= Einstein–Cartan–Evans theory =

Discredited unified theory of physics

Einstein–Cartan–Evans theory or ECE theory was an attempted unified theory of physics proposed by the Welsh chemist and physicist Myron Wyn Evans (May 26, 1950 - May 2, 2019), which claimed to unify general relativity, quantum mechanics and electromagnetism. The hypothesis was largely published in the journal Foundations of Physics Letters between 2003 and 2005. Several of Evans's central claims were later shown to be mathematically incorrect and, in 2008, the new editor of Foundations of Physics, Nobel laureate Gerard 't Hooft, published an editorial note effectively retracting the journal's support for the hypothesis.

==Scope==
Earlier versions of the theory were called "O(3) electrodynamics". Evans claims that he is able to derive a generally covariant field equation for electromagnetism and gravity, similar to that derived by Mendel Sachs.

Evans argues that Einstein's theory of general relativity does not take into account torsion, which is included in the Einstein–Cartan theory.

In 1998 Evans founded the Alpha Institute for Advanced Studies (AIAS) to keep developing his theory. Its website collects papers on the theory and recent developments.

The theory has been used to justify the motionless electromagnetic generator, a perpetual motion machine. In July 2017, Evans claimed (on his blog): "There is immediate international interest in [papers] UFT382 and UFT383, describing the new energy from spacetime (ES) circuits. There is also great interest in UFT364, the paper that describes the circuit [...] These circuits should be [...] developed into power stations." In November 2017, Evans expanded on this point as follows (again on his blog): "There is no reasonable doubt that the vacuum (or aether or spacetime) contains a source of inexhaustible, safe and clean energy. This source can be used in patented and replicated circuits such as those of [Evans's self-published papers] UFT311, UFT364, UFT382, and UFT383."

==Reception==
Evans's claims are not accepted by the mainstream physics community. In an editorial note in Foundations of Physics the Nobel laureate Gerard 't Hooft discussed the "revolutionary paradigm switch in theoretical physics" promised by ECE theory. He concluded that activities in the subject "have remained limited to personal web pages and are absent from the standard electronic archives, while no reference to ECE theory can be spotted in any of the peer reviewed scientific journals".

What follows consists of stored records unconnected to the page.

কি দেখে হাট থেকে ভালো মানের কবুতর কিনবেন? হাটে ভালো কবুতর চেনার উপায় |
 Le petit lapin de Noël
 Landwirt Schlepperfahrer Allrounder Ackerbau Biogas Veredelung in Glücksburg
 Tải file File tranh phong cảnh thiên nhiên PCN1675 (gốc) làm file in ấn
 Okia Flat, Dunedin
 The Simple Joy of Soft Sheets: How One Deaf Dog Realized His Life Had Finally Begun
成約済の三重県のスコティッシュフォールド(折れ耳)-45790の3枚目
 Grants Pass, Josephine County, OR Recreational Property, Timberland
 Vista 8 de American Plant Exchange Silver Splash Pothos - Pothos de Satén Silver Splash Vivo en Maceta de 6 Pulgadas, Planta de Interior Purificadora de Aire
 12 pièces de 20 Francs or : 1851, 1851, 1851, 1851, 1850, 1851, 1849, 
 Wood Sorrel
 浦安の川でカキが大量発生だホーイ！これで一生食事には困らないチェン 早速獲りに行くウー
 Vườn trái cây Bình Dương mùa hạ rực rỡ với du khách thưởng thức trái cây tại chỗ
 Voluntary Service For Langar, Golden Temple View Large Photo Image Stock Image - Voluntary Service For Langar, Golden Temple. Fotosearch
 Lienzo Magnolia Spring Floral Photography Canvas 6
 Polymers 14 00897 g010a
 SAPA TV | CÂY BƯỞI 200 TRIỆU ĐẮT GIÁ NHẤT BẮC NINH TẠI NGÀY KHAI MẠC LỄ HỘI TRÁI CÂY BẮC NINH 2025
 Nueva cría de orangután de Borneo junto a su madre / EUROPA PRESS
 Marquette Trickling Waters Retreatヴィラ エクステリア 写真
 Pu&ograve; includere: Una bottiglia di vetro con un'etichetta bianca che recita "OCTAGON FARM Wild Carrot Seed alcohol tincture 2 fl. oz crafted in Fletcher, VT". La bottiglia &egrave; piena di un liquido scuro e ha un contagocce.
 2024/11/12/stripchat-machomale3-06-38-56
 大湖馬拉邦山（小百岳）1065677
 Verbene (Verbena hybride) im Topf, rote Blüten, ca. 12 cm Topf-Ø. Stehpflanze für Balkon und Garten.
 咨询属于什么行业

Several of the published contributions in this theory have been shown to be mathematically incorrect. In response to these demonstrations, 't Hooft's editorial note concludes, "Taking into account the findings of Bruhn, Hehl and Obukhhov, the discussion of ECE theory in the journal Foundations of Physics will be concluded herewith unless very good arguments are presented to resume the matter."